Gli abiti di Roberto Capucci sono immediatamente riconoscibili: strutture architettoniche dove l’eleganza e il colore sono protagonisti di creazioni che sembrano essere scolpite nella materia e che sono sopravvissute nel tempo senza mai perdere la loro forza espressiva.
La natura è la principale fonte di suggestione del suo lavoro, ispirato dalle descrizioni de “Le Metamorfosi” di Ovidio, dove Dafne e altri personaggi vengono trasformati in alberi o animali: negli abiti di Capucci si possono ritrovare questi miti, la materia tessile li interpreta in vere e proprie sculture dominate dalla stoffa e dai colori per creare delle “seriche armature” che sembrano prescindere dalla forma del corpo. In particolare, gli abiti da sera sono creazioni senza età e dove lui stesso impone al tempo il suo marchio inconfondibile, in un continuo lavoro di ricerca formale e cromatica che non esita a ricorrere ai materiali più diversi, dalle sete più esclusive ai prodotti naturali più semplici quali rafia o paglia, per cercare continuamente nuove possibilità espressive del Bello.

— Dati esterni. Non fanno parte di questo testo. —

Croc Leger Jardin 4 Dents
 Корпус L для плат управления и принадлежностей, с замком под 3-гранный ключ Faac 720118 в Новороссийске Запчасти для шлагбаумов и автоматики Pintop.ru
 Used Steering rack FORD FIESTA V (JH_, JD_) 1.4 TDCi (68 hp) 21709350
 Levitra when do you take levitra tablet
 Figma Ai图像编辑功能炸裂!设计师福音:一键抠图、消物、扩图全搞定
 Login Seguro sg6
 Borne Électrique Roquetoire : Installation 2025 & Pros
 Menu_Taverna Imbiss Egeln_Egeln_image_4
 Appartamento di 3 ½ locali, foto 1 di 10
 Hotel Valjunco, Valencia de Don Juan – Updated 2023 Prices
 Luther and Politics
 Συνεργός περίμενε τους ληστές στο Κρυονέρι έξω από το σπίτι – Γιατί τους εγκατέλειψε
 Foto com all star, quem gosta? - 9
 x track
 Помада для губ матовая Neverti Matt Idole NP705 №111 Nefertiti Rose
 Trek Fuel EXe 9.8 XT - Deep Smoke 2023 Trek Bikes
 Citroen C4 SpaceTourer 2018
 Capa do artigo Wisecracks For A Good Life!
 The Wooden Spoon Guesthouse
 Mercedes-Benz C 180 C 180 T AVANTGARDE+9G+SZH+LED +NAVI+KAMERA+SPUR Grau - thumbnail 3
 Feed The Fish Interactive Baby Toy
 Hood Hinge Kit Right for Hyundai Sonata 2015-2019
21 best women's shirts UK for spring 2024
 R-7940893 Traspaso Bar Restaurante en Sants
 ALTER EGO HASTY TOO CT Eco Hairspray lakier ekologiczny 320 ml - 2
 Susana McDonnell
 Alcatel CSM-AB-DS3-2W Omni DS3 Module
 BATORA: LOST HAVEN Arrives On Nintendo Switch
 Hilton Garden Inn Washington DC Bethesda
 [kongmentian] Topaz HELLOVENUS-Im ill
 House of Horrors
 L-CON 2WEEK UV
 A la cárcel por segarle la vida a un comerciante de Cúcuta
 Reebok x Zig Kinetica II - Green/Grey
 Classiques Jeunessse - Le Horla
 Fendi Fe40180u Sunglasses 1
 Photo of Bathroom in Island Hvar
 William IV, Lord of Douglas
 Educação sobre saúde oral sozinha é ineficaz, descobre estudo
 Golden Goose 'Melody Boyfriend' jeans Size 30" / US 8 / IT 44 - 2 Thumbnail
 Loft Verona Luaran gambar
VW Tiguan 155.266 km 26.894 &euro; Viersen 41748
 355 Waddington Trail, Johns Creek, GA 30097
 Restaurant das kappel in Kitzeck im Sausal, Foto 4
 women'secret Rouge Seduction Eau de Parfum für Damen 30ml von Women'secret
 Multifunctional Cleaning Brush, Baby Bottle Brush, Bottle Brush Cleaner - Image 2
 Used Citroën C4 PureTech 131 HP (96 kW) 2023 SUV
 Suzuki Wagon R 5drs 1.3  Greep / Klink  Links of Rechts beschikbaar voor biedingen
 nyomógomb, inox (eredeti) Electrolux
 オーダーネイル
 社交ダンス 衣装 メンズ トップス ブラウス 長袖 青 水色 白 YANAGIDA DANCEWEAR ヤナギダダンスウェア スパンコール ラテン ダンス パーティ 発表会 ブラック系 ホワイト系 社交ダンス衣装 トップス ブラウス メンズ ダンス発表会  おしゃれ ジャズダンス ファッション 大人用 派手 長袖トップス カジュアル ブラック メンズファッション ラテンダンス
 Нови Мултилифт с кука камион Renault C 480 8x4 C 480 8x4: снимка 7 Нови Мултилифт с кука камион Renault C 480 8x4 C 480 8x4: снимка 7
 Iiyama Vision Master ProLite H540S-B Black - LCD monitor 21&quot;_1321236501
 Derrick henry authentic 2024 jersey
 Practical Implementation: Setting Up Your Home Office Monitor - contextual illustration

Nascono così le creazioni degli anni ’80, come Farfalle e Cerchi, che ricordano forme del mondo animale. Per comprendere ancora meglio il processo creativo alla base del lavoro di Capucci è importante studiare gli schizzi preparatori, alcuni dei quali sono presenti in mostra, utili a far conoscere il processo alla base di questi splendidi abiti, ma anche per ammirare l’inesauribile fantasia dell’artista.